Question

Use >, <, or = appropriately, using the property of cross products.
(a) $\dfrac{3}{8}....\dfrac{4}{10}$
(b) $\dfrac{23}{40}....\dfrac{12}{30}$
(c) $\dfrac{-6}{11}....\dfrac{-11}{20}$
(d) $\dfrac{18}{40}....\dfrac{9}{20}$
(e) $\dfrac{72}{80}....\dfrac{9}{10}$
(f) $\dfrac{-3}{7}....\dfrac{-4}{10}$

Answer 1

Hint: Consider the expressions in each of the subparts of the question one by one. Now, multiply the numerator of the left fraction with the denominator of the right fraction to get the L.H.S. similarly multiply the numerator of the right fraction with the denominator of the left fraction to get the R.H.S. Check which side is greater in numerical value and according include the symbols >, <; or =. If L.H.S is greater then use the symbol ‘>’, if R.H.S is greater use the symbol ‘>’ and if L.H.S and R.H.S are equal then use ‘=’.

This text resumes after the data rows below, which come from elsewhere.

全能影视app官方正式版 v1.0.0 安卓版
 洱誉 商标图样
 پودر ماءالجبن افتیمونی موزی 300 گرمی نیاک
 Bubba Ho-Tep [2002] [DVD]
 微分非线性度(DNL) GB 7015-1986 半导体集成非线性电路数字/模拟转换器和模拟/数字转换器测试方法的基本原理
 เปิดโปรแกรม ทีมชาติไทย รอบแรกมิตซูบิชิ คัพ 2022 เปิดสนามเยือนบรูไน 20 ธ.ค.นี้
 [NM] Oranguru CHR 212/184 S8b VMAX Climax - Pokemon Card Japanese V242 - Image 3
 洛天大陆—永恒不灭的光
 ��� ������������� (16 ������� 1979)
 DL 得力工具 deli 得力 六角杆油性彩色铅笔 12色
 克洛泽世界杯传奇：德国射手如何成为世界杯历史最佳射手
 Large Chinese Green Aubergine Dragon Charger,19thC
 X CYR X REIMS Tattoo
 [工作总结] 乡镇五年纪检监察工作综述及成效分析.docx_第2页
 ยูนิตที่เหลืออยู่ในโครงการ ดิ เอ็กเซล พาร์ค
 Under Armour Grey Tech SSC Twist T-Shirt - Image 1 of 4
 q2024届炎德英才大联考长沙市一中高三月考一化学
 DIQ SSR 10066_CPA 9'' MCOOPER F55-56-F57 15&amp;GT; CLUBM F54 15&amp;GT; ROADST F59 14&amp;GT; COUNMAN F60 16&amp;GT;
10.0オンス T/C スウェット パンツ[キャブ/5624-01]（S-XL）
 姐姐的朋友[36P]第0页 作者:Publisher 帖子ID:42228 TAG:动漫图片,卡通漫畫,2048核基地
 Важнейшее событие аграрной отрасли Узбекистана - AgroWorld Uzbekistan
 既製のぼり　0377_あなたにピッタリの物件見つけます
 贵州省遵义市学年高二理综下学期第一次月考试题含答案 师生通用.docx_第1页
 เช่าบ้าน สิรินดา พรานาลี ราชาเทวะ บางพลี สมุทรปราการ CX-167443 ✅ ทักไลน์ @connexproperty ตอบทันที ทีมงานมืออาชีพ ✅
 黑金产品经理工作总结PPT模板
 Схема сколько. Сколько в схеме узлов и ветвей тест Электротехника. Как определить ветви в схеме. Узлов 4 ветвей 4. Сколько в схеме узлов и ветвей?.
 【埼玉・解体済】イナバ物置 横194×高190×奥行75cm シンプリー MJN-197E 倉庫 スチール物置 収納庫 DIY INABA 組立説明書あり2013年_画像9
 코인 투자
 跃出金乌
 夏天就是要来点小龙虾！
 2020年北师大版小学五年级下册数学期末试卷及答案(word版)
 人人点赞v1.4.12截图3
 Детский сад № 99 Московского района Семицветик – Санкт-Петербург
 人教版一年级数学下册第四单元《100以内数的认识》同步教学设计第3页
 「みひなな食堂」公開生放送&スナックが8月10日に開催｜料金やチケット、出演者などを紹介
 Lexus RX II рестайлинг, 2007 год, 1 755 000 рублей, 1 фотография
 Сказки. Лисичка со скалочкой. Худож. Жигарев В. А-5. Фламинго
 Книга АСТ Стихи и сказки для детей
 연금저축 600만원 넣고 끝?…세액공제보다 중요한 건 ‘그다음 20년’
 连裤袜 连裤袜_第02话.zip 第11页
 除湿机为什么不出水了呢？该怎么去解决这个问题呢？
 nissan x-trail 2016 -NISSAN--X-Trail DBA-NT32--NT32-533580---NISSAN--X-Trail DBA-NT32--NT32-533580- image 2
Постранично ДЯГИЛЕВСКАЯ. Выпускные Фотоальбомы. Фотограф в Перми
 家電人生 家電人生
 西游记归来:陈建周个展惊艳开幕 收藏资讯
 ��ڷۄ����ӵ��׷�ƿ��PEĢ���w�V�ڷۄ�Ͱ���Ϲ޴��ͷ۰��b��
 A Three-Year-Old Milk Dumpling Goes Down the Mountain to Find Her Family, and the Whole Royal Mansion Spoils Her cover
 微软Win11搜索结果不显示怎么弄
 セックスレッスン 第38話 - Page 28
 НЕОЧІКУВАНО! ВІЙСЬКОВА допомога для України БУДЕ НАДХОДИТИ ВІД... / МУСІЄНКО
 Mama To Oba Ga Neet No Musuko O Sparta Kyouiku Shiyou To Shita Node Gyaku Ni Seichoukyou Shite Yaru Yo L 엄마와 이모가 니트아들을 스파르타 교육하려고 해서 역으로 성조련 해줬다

Complete step-by-step solution:
Here we have been provided with fractions and we are asked to compare them using the symbols >, < or = by considering their cross products. That means we need to determine which fraction is greater or if they are equal. Let us consider each subpart one by one.
(a) Here we have the fraction $\dfrac{3}{8}....\dfrac{4}{10}$. Now, we have to take the cross product. In cross product we multiply the numerator of the left fraction with the denominator of the right fraction to get the L.H.S and the numerator of the right fraction with the denominator of the left fraction to get the R.H.S. So we get,
$\Rightarrow L.H.S=3\times 10=30$ and $R.H.S=4\times 8=32$
Clearly we can see that R.H.S is greater than L.H.S, so we will use the symbol ‘<’.
$\therefore \dfrac{3}{8}<\dfrac{4}{10}$
(b) Here we have the fraction $\dfrac{23}{40}....\dfrac{12}{30}$. Considering the cross product we get,
$\Rightarrow L.H.S=23\times 30=690$ and $R.H.S=40\times 12=480$
Clearly we can see that L.H.S is greater than R.H.S, so we will use the symbol ‘>’.
$\therefore \dfrac{23}{40}>\dfrac{12}{30}$
(c) Here we have the fraction $\dfrac{-6}{11}....\dfrac{-11}{20}$, so considering the cross product we get,
$\Rightarrow L.H.S=-6\times 20=-120$ and \[R.H.S=-11\times 11=-121\]
We know that 121 is greater than 120 so the negative form of 121 will be less than the negative form of 120. Therefore, we can see that L.H.S is greater than R.H.S, so we will use the symbol ‘>’.
$\therefore \dfrac{-6}{11}>\dfrac{-11}{20}$
(d) Here we have the fraction $\dfrac{18}{40}....\dfrac{9}{20}$ so considering the cross product we get,
$\Rightarrow L.H.S=18\times 20=360$ and $R.H.S=40\times 9=360$
Clearly we can see that the R.H.S is equal to the L.H.S, so we will use the symbol ‘=’.
$\therefore \dfrac{18}{40}=\dfrac{9}{20}$
(g) Here we have the fraction $\dfrac{72}{80}....\dfrac{9}{10}$ so considering the cross product we get,
$\Rightarrow L.H.S=72\times 10=720$ and $R.H.S=80\times 9=720$
Clearly we can see that the R.H.S is equal to the L.H.S, so we will use the symbol ‘=’.
$\therefore \dfrac{72}{80}=\dfrac{9}{10}$
(f) Here we have the fraction $\dfrac{-3}{7}....\dfrac{-4}{10}$, so considering the cross product we get,
$\Rightarrow L.H.S=-3\times 10=-30$ and $R.H.S=-4\times 7=-28$
We know that 30 is greater than 28 so the negative form of 30 will be less than the negative form of 28. Therefore, we can see that R.H.S is greater than L.H.S, so we will use the symbol ‘<’.
$\therefore \dfrac{-3}{7}<\dfrac{-4}{10}$

Note: Always remember that the expression towards the pointed part of the symbol ‘<’ represents the smaller value and the expression towards the open part represents the greater value. Note that greater the absolute value of a number smaller will be its negative form. This can be seen by the representation of numbers on a number line.